A os 4 minutos,Ferrareis  chutou em curva para tirar do goleiro Cajuru, a bola bateu na trave e no rebote, Renan Mota chuta novamente e a bola bate no goleiro azulino antes de morrer no fundo do gol. Figueirense 1x0 CSA.

 Sem verticalidade, sem conseguir ir á linha de fundo, restava ao CSA fazer jogadas de intermediária. E foi assim que nasceu o gol de empate, com Didira arriscando um foguete encobrindo Dênis, adiantado e fazendo CSA 1x1 Figueirense.

 A transição ofensiva do time catarinense era o ponto mais forte, com muita rapidez e aproveitando a sobrecarga no sistema defensivo, o Figueirense invadia a área do CSA com certa facilidade e aos 25 Henan chuta para Cajuru defender. Em seguida Diego Renan cruza e Jorge Henrique completamente sozinho sobe sem marcação e quase marca o gol para o figueira.

 Em seguida,Niltinho faz bela jogada,  Niltinho encontra Walter sozinho, que não conseguiu chegar na bola mais uma vez por sua condição física.

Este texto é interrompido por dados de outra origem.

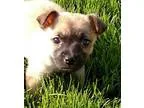 Adopt Patty a TanYellowFawn - with Black Miniature Pinscher  Mix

 O segundo tempo veio e com ele poderiam ter vindo as mudanças no time titular, mas Marcelo Cabo manteve o mesmo time. Rafinha em cobrança de falta exige uma defesa difícil de Dênis que manda para escanteio. 

 Mas o golpe fatal vinha em seguida, em transição rápida, nas costas de Rafinha, João Lucas cruza e Jorge Henrique faz o segundo de cabeça, jogando um balde de água fria no torcedor azulino, Figueirense 2x1 CSA.

 E não tardou de nascer o segundo. Novamente João Lucas sobe sem a devida marcação e vira o jogo para Renan que encontra Henan sozinho entre os zagueiros e cara a cara com Cajuru para ampliar o marcador: Figueirense 3x1 CSA

Já na reta final da partida, Ferrareis cruza e a bola bate no braço de Roger, assinalado o pênalti André Luis cobra com categoria e faz a goleada que terminou em Figueirense 4x1 CSA.

CSA: Alexandre Cajuru, Celsinho, Leandro Souza, Roger e Rafinha; Edinho e Ferrugem; Niltinho, Daniel Costa (Taiberson) e Didira; Walter (Michel Douglas)

Figueirense:  Denis Diego Renan, Cleberson, Nogueira e João Lucas; Pereira e Zé Antonio; Jorge Henrique (João Paulo), Renan Mota (Juninho) e Gustavo Ferrareis; Henan (André Luis)

 Gols: CSA - Didira / Figueirense - Renan Mota, Jorge Henrique, Henan e André Luis

 E AGORA?

 Já alertávamos na maioria dos posts que a defesa do CSA era muito frágil, e vinha sendo salva pela força ofensiva. A decisão de modificar a forma do CSA jogar com Walter foi desastrosa, porque o atacante se torna uma peça nula em todo o jogo, seja no ataque, onde não produz, seja na defesa, onde não ajuda a recompor. 

 Walter perdeu dois gols em lances que um atacante em condições físicas normais faria se esticasse a perna ou atacasse a bola, de que forma fosse. Como se não fosse ruim o suficiente ter um atacante que não tem condições de atacar, não conseguia ajudar na recomposição, sobrecarregando os defensores azulinos. 

 Isso porque Daniel Costa tem a característica de ser um jogador que não tem uma marcação intensa, com isso o CSA perdeu dois homens de marcação e um atacante, transformando completamente a forma do time jogar e desorganizando a defesa ainda mais.

 Sem zagueiros no banco, Roger e Leandro foram muito exigidos e não fizeram uma boa partida, mas Rafinha e Celsinho muito menos, assim até mesmo como Cajuru mostrando insegurança. A marcação não encaixou e o Figueirense precisou dar alguns toques na bola para chegar ao gol. 

 Com Michel desgastado, o CSA perde muito, fica nítido que não há um substituto ainda para o artilheiro azulino no ataque em sua ausência. Dinâmica, movimentação e explosão, tudo isso, o CSA perdeu sem seu artilheiro em campo.

 Não é para se desesperar, lógico, afinal também o CSA foi engolido pelo cansaço pós jogo, pela alta sequência de jogos, mas isso apenas reforça que o CSA precisa ter um elenco, não onze jogadores.

 Mas não adianta também tentar diminuir o belíssimo jogo que fez o tridente do meio do Figueirense (Renan Mota, Jorge Henrique e Ferrareis), que contou com a fragilidade da defesa azulina.